## Exercise directions
The answer is the line with "Here's an example" and every line after it to the end of the listing, retyped exactly. Pictures do not belong in it.

## Record set
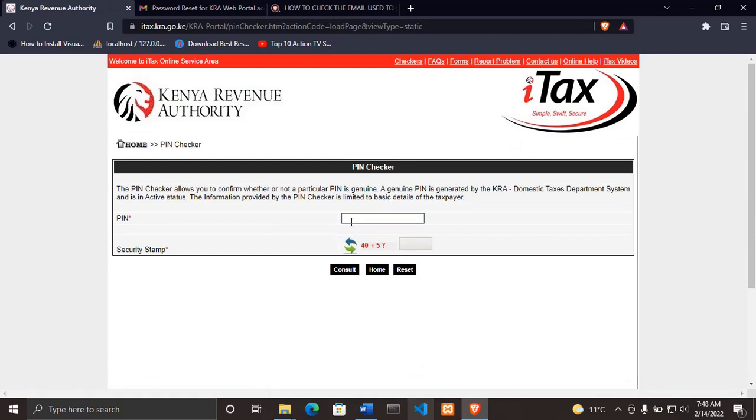After that, enter your KRA PIN number here. After entering your KRA PIN number, then solve the security stamp. For me it's 42, then click consult.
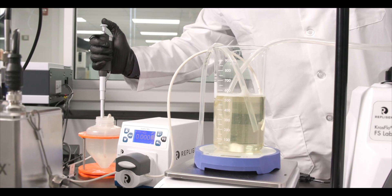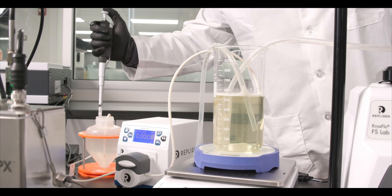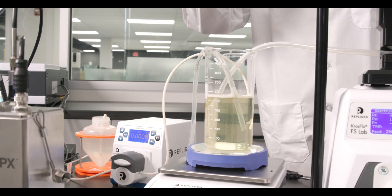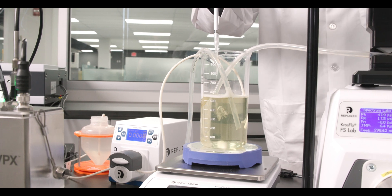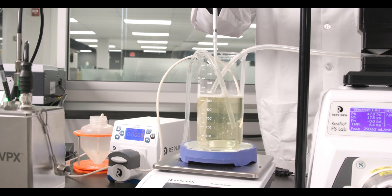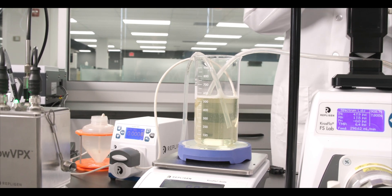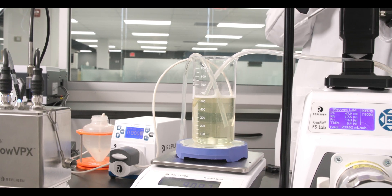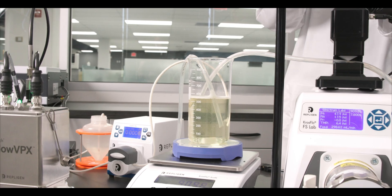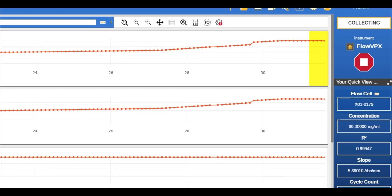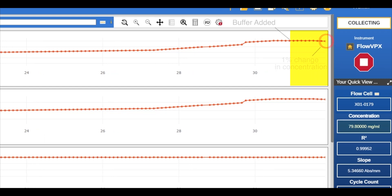We can demonstrate the sensitivity of the FlowVPX system by adding one percent of the current volume to the retentate vessel and tracking the one-to-one change in concentration reading. For this test our starting concentration is 80.7 mg per ml. After recirculation of the solution with added buffer the FlowVPX system records a concentration of 79.8 mg per ml.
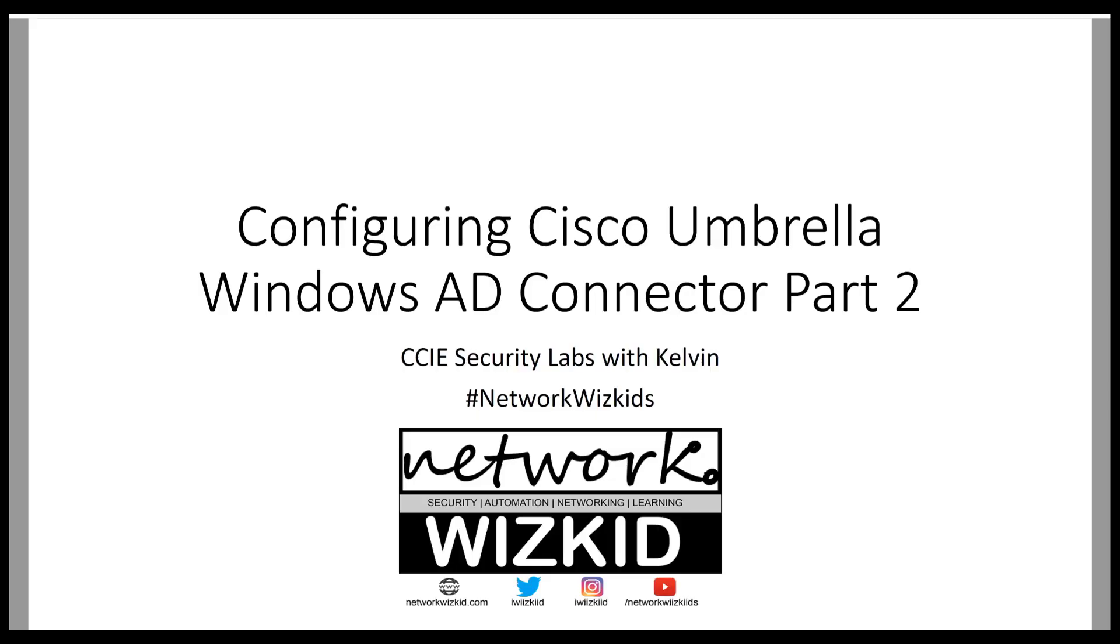Hi, in this video we're going to take a look at configuring Cisco Umbrella Windows Active Directory Connector. This is part 2.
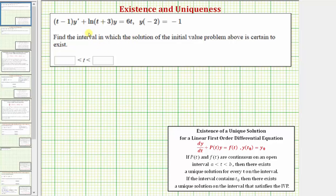We're given a linear first order differential equation with the initial condition y of negative two equals negative one. We're asked to find the interval in which the solution of the initial value problem is certain to exist.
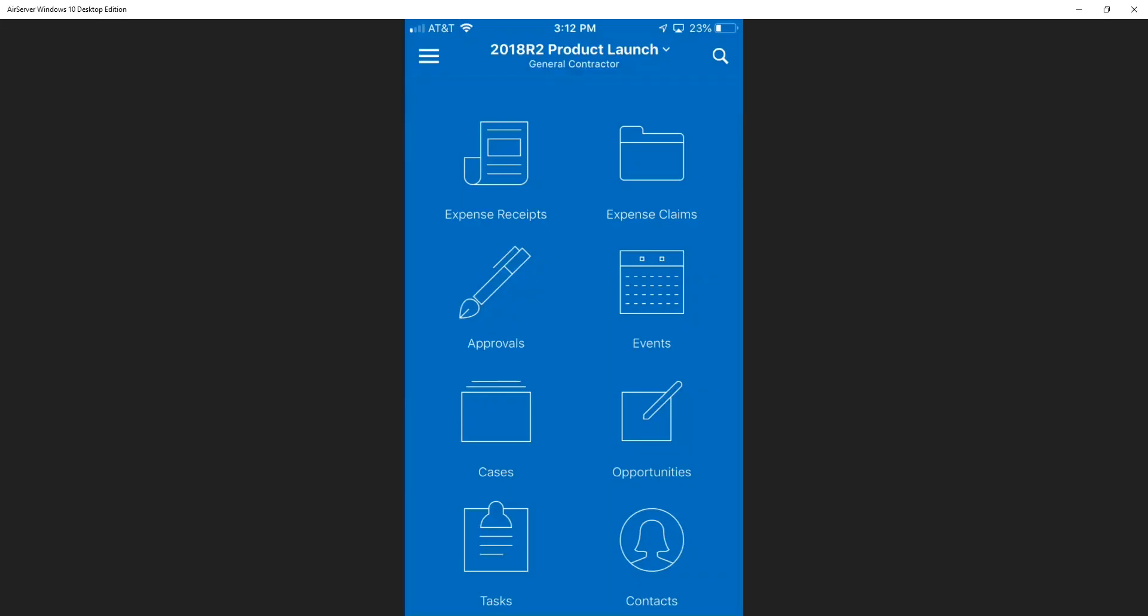Let's take a look at the Acumatica mobile app and we'll see how we can help Jamie. Here we are on our smartphone. Typically the first thing Jamie does when he gets to the job site every day while drinking his morning cup of coffee is he checks to see if there are any AP invoices to review or approve.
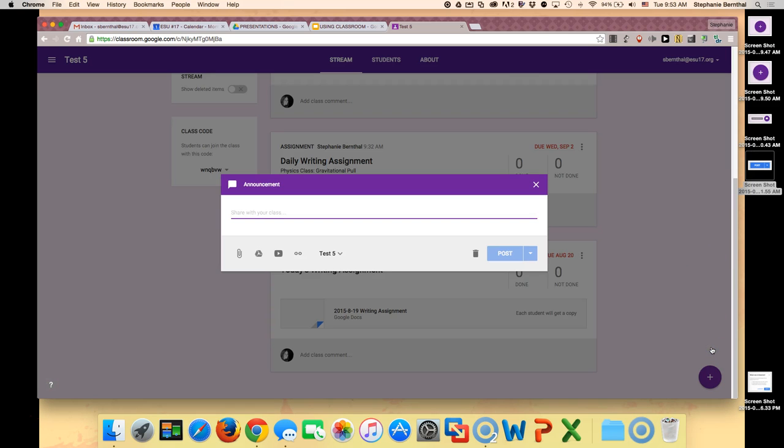Here's an example of an announcement you might want to share with your class: remember, early out on Tuesday.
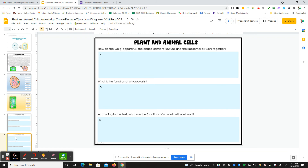And then last but not least, how do the Golgi apparatus, endoplasmic reticulum, and ribosomes all work together? What is the function of the chloroplast? And last but not least, according to the text, what are the functions of the plant cell's cell wall? So that's today's assignment. If you have any questions, please feel free to reach out, and we would be happy to help.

## Written answer
Here's an example of an announcement you might want to share with your class: remember, early out on Tuesday.
And then last but not least, how do the Golgi apparatus, endoplasmic reticulum, and ribosomes all work together? What is the function of the chloroplast? And last but not least, according to the text, what are the functions of the plant cell's cell wall? So that's today's assignment. If you have any questions, please feel free to reach out, and we would be happy to help.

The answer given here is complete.